This repository contains the code for the paper titled "Curiosity-Driven Reinforcement Learning based Low-Level Flight Control". This package includes three different contibutions:
- A curiosity module based on prediction error in trajectory of {states, actions, states, rewards} spaces called HCM (High-level Curiosity Module)
- A Curiosity-Driven Reinforcement Learning based Low-Level Flight Control that uses HCM and a modified version of PPO (Proximal Policy Optimization) to learn to fly and pass through the obstacles while controlling its Yaw toward desired position
- A Gazebo based environment compatible with OpenAI Gym and Robot Operating System (ROS) for learning the low-level control of quad-copter.
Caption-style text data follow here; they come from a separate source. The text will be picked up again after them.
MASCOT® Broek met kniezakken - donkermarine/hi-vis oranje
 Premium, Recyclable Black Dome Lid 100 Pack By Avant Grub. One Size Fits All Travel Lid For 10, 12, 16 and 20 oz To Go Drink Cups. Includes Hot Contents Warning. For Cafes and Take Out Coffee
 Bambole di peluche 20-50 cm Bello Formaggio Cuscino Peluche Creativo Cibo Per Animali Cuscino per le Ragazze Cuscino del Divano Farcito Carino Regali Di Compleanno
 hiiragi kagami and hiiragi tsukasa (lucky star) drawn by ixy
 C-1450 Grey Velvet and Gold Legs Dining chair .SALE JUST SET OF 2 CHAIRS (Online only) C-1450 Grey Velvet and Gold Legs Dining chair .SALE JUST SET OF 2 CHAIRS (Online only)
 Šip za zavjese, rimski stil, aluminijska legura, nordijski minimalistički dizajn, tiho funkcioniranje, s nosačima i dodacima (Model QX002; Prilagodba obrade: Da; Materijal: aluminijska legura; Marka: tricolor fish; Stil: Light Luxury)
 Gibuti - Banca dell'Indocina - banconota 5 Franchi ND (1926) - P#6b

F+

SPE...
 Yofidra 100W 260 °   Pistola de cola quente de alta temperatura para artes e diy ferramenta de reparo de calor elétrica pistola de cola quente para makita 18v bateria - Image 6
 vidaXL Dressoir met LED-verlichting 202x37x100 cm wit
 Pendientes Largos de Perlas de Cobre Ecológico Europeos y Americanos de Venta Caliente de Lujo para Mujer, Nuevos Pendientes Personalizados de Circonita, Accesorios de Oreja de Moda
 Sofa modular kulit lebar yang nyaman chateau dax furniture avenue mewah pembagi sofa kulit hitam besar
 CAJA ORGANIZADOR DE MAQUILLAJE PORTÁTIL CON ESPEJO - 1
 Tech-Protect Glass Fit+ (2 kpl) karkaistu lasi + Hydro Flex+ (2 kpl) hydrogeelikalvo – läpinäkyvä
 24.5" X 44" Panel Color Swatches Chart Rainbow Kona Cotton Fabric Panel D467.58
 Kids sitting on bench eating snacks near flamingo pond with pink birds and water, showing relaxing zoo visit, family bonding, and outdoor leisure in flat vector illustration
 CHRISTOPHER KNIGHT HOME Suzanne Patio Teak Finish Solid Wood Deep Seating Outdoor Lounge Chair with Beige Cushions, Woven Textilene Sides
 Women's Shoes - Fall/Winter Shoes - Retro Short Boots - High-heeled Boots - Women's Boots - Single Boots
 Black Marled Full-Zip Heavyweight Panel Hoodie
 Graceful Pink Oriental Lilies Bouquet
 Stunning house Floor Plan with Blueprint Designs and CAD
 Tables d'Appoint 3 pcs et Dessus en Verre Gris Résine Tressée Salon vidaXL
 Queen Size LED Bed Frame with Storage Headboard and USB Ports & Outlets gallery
The environment includes obstacles that initiates in random positions, and measures the accuracy of Yaw control toward the desired position.
A low-level flight controller using High-level Curiousity Module (HCM) is capable of evolving its exploration pattern as illustrated in the following figure:
Two capable reinforcement learning algorithm are used in this package, in a single fashion, and in combination with curiosity. Namely Proximal Policy Optimization (PPO), and Soft Actor Critic (SAC). The PPO algorithm (based on the stable-baseline PPO) is modified to match the necessities of low-level flight control. The SAC version is the default version provided by stable-baseline3. To run the code install the following packages:
pip install stable-baseline # (https://github.com/openai/baselines)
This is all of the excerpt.